Tuesday, December 19, 2006

Question 13 from CANA

http://canaconvocation.org/about/faq.php

Q13. What is CANA’s position on women’s ordination?

CANA recognizes that there are differing theological positions in the Anglican Communion about women in ordained ministry. CANA acknowledges the integrity of those who understand the Holy Scriptures to permit the ordination of women to the priesthood and those who believe the Scriptures prohibit women’s ordination. Archbishop Peter Akinola has stated that there needs to be freedom for CANA to include both perspectives because of its North American character. CANA believes that for the health and well being of the church the particular gifts of women must be freely expressed. CANA will welcome applications from congregations and female clergy on the same basis as other applications with the expectation that women clergy will be licensed to continue their ministry.

Because of the differing positions regarding the ordination of women to the priesthood CANA policies regarding the ordination of new female aspirants will be developed from a biblical and pastoral perspective. This is a matter that is being actively pursued by the CANA clergy and elected lay leadership.

An Excellent Reflection on CANA

http://apologeticsgalore.blogspot.com/
Question 13: What is CANA's position on WO?

For an excellent, thoughtful and sober assessment of the difficulties currently emerging from the Convocation of Anglicans in North America, please visit Apologetics Galore and read the well-presented post by its blogger, DH. In light of the historic move on the part of The Falls Church, Truro Church and 13 other former parishes in Virginia of the Episcopal Church which have already voted or are in the process of voting to separate from TEC, it is imperative that the serious theological, sacramental and ecclesiological issues at stake be addressed openly and deliberately in the days ahead. The role of the Covenant Union between the Church of Nigeria and the APA/REC is not at all clear at the moment, as CANA appears to have moved forward in allowing purportedly-ordained women to function within its jurisdiction. Will the Covenant Union be upheld? Will the proper consultation and discussion to which the Covenant Union commits both CANA and the APA/REC take place? Only time will tell.

Let us pray that the errors made and the theological novelties promoted in the Anglican Communion over the past thirty years will not be repeated yet again in this situation. Let us pray for the unity and fidelity of the Anglican expression of the Holy Catholic Church.

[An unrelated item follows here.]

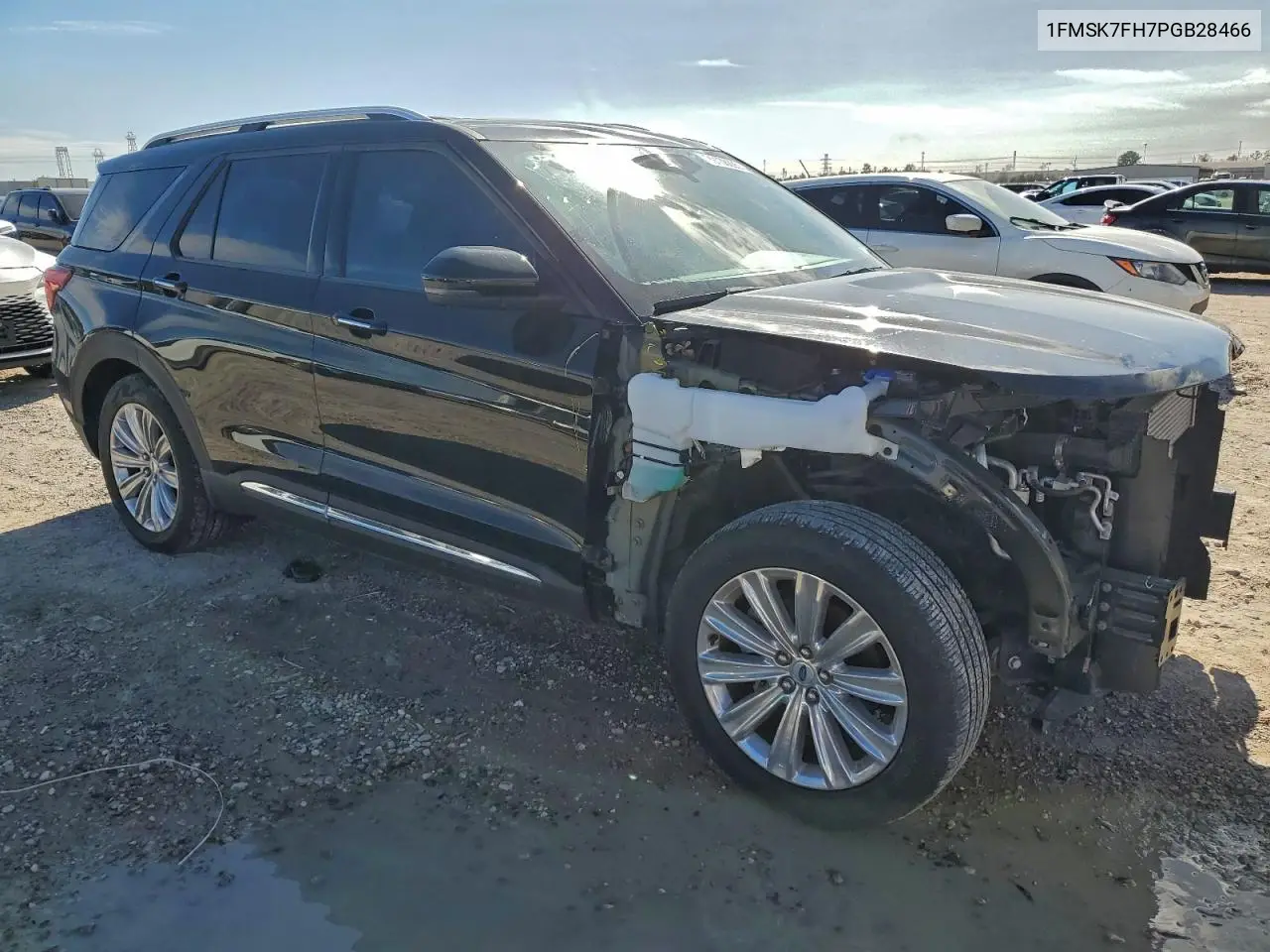 1FMSK7FH7PGB28466 2023 Ford Explorer Limited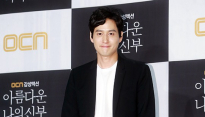 [메인포토] 박해준, ‘블랙&화이트 패션’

http://www.anglicantv.org/blog/index.cfm

In the CANA news conference linked above, you will discover that the CANA-sponsored mission of Christ the Redeemer, Centreville, Virginia, has as its interim rector a lady who purports to have received priestly ordination, one who we presume has now been licenced to function sacramentally in CANA. The Falls Church of CANA already has on its pastoral staff a lady who has undergone the rite of presbyteral ordination. Problematic indeed...

Wednesday, December 13, 2006

Ten Years of Priesthood...

Dearly Beloved:

Saturday 21 December 1996, on bright clear glistening snow-covered morning in Lexington, Virginia, I was ordained to the Sacred Order of Priests in Christ’s One, Holy, Catholic and Apostolic Church at Saint Paul’s Church by the Most Reverend John Thayer Cahoon, Junior of the Anglican Catholic Church. What a glorious day it was!

In commemoration of that joyful and life-transforming event, a Solemn High Mass will be celebrated at Saint Alban’s Anglican Cathedral, 3348 West State Road 426, Oviedo, Florida, at 7 PM on Wednesday 20 December 2006 for the transferred Feast of Saint Thomas the Apostle. If you happen to be in the Central Florida area next week, you are most cordially invited to attend the Mass and a dinner gathering (dutch treat) to follow. Please be assured of my prayers for you and your ministries in the Lord on that special day. Should you like to attend the Mass and join our dinner party, please notify me at your convenience. I would be honoured beyond words by your presence and prayers.

You go with me to the Altar of God as the Holy Sacrifice is offered in thanksgiving for ten years of participation in Christ’s Holy Priesthood. Thank you very much and God bless you.

Tuesday, December 12, 2006

The Sacrificing Priesthood

Recently on the blog Pontifications it was asserted that the Anglicans do not possess and do intend to possess a 'sacrificing priesthood.' Is that true?

Here's the definitive answer from Saepius Officio, the official Reply of the Archbishops of Canterbury and York to Pope Leo XIII (1897)...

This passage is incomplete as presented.